Sellers with a permanent seller’s permit aren’t required to obtain a temporary permit when participating in a special event, although they should register for a sub-permit for each temporary location. If an event is held at a California state-designated fairground, the total sales generated in that location must be separately stated on the sales tax returns.
The new line only applies to sales made while a retailer is on the premises of a state-designated fairground. Sales generated by a lead received while participating in an event at a fairground should not be separately stated if the actual sale took place after the conclusion of the event.
Generally, an out-of-state seller whose only presence in California is attendance at a temporary event is not considered to be engaged in business in the state unless it:
- is in the state for more than 15 days during a 12-month period, and
- generates more than $100,000 in income from such events during the prior calendar year.
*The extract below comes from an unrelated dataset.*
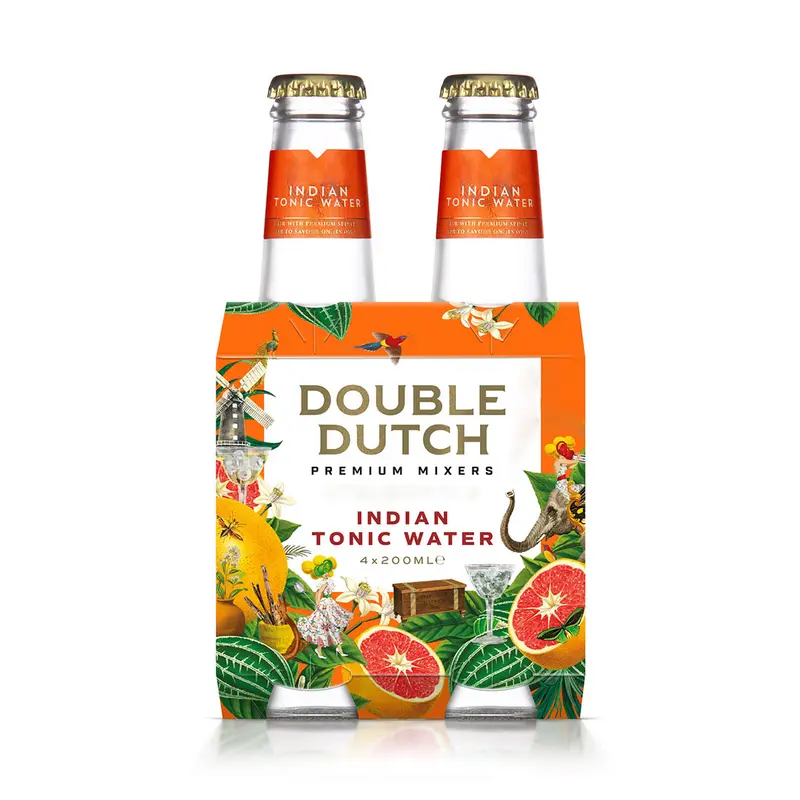 Double Dutch Drinks Indian Tonic Water - 4x200ml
Nonetheless, out-of-state sellers that sell taxable goods at temporary events in California are required to obtain a temporary seller’s permit and collect and remit tax on all taxable sales made. And, as with their in-state counterparts, any sales made at events held at a state-designated fairground must be separately stated.
The CDTFA explains that “the information reported on this new line will be used for allocation purposes only” — but that doesn’t fully explain why this change is taking place.
As it turns out, it’s the result of the enactment of Assembly Bill 1499, which enables state fairgrounds that meet certain working conditions to keep a percentage of the sales tax revenue generated on site. Bill sponsor Assemblymember Adam C. Gray said, “California was forced to make devastating cuts during the Great Recession, including cutting $30 million in annual funding from the fairs.” Revenue generated under AB 1499 should “significantly improve” the financial well-being and economic viability of state fairs.
Gray underscored that fairgrounds “act as evacuation centers and staging areas for fire and emergency services personnel during natural disasters.” In other words, the revenue generated from separately stating this sales tax revenue will help Californians adversely affected by natural disasters.
Sometimes it may be necessary to make sales tax compliance more complicated.